Integrating Snowflake With Trino
Trino simplifies accessing Snowflake, highlighting its versatility in providing robust data management and analytics solutions for modern enterprises.
Join the DZone community and get the full member experience.
Join For FreeIn today's discourse, we delve into the intricacies of accessing Snowflake via the Trino project. This article illuminates the seamless integration of Trino with Snowflake, offering a comprehensive analysis of its benefits and implications.
Previous Articles
Previous articles on Snowflake and Trino:
- SaaS Galore: Integrating CockroachDB with Confluent Kafka, Fivetran, and Snowflake
- Data federation with CockroachDB and Presto
Motivation
A common query among potential adopters of Snowflake pertains to its compatibility with on-premise data and cloud platforms like Azure. In this article, we address this question head-on, exploring the feasibility of accessing Snowflake alongside on-premise data through the Trino project. Let's unravel the possibilities together.
High-Level Steps
- Deploy Trino in Docker
- Get a trial Snowflake account
- Connect the dots
- Conclusion
Step-By-Step Instructions
Navigating the landscape of data integration can be daunting, especially when considering the compatibility of Snowflake with on-premise environments. In this tutorial, we aim to simplify the process by utilizing a Docker environment to simulate on-premise conditions. Our approach prioritizes simplicity, leveraging standard Snowflake configurations and a basic Trino Docker setup. It's essential to consult your documentation for specific scenarios, but let's begin with the fundamentals.
Deploy Trino in Docker
I have a compose file called compose-trino.yaml
with the following contents:
services: trino: container_name: trino hostname: trino build: trino/. ports: - "8080:8080" environment: - _JAVA_OPTIONS=-Dfile.encoding=UTF-8 volumes: - ./trino/catalog:/etc/trino/catalog - ./trino/etc:/etc/trino
In the current directory, I have a folder called trino
. Within the folder, I have the following files:
FROM trinodb/trino:442
LABEL version="1.0"
LABEL description="trino container"
ENV REFRESHED_AT 2024_03_15
I also have two more folders called etc
and catalog
.
Within the catalog
directory, I've set up a snowflake.properties
file with the following contents:
connector.name=snowflake connection-url=jdbc:snowflake://<account>.snowflakecomputing.com connection-user=root connection-password=secret snowflake.account=account snowflake.database=database snowflake.role=role snowflake.warehouse=warehouse
If you encounter any hurdles along the way, don't hesitate to refer to the comprehensive Trino documentation available here.
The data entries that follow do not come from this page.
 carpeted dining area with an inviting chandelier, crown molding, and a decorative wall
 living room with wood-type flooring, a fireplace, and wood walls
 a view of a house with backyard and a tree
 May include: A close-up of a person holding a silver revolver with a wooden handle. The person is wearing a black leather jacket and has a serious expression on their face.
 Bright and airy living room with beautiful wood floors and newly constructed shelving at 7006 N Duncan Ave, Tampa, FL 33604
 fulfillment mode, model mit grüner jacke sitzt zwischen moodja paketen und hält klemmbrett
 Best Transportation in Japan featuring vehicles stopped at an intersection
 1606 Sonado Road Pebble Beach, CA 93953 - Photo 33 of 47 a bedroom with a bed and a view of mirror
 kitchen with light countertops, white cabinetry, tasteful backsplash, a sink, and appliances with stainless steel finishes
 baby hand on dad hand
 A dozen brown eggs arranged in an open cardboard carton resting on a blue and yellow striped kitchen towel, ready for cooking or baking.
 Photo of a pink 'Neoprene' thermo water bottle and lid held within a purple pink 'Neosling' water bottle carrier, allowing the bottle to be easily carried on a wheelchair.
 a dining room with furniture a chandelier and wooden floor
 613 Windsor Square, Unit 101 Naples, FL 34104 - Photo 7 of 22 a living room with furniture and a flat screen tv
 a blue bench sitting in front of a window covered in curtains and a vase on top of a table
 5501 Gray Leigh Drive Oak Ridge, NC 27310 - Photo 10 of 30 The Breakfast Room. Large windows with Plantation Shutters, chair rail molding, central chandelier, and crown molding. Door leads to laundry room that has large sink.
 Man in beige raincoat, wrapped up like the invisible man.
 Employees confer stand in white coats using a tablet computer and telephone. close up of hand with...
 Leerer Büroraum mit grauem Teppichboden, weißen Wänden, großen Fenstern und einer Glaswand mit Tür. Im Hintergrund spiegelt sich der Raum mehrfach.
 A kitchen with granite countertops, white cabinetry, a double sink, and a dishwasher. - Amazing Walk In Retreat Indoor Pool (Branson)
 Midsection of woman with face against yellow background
Let's dive in!
Once you set up the Snowflake environment, you can adjust these properties with your values.
Within the etc
directory, I have a jvm.config
with the following contents:
--add-opens=java.base/java.nio=ALL-UNNAMED -Djdk.module.illegalAccess=permit
These particular JDK flags are Snowflake-specific.
I also have config.properties
with the following contents:
coordinator=true node-scheduler.include-coordinator=true http-server.http.port=8080 discovery.uri=http://example.net:8080
And finally, node.properties
with the following contents:
node.environment=production node.id=ffffffff-ffff-ffff-ffff-ffffffffffff node.data-dir=/tmp/trino/data
With everything in place, you're now ready to initiate the Compose environment. Execute the following command to start the environment: docker compose -f compose-trino.yaml up -d
.
Upon successful configuration, you should observe a running container named trino
. You can confirm this by executing the command: docker ps
.
f426506aa443 snowflake-docker-trino "/usr/lib/trino/bin/…" 53 minutes ago Up 47 minutes (healthy) 0.0.0.0:8080->8080/tcp trino
If you encounter any issues, you can further troubleshoot by examining the Trino logs using the following command: docker logs trino
.
You can access the Trino container with the following command:
docker exec -it trino trino
Once logged in, you can verify the correct configuration of the Snowflake catalog by executing the following command:
trino> show catalogs; Catalog ----------- snowflake system
For the next phase of this tutorial, kindly proceed to sign up for a Snowflake Trial Account. Opt for the standard edition since we won't be utilizing enterprise features. During the signup process, I selected the Azure eastus2 region for my Snowflake deployment.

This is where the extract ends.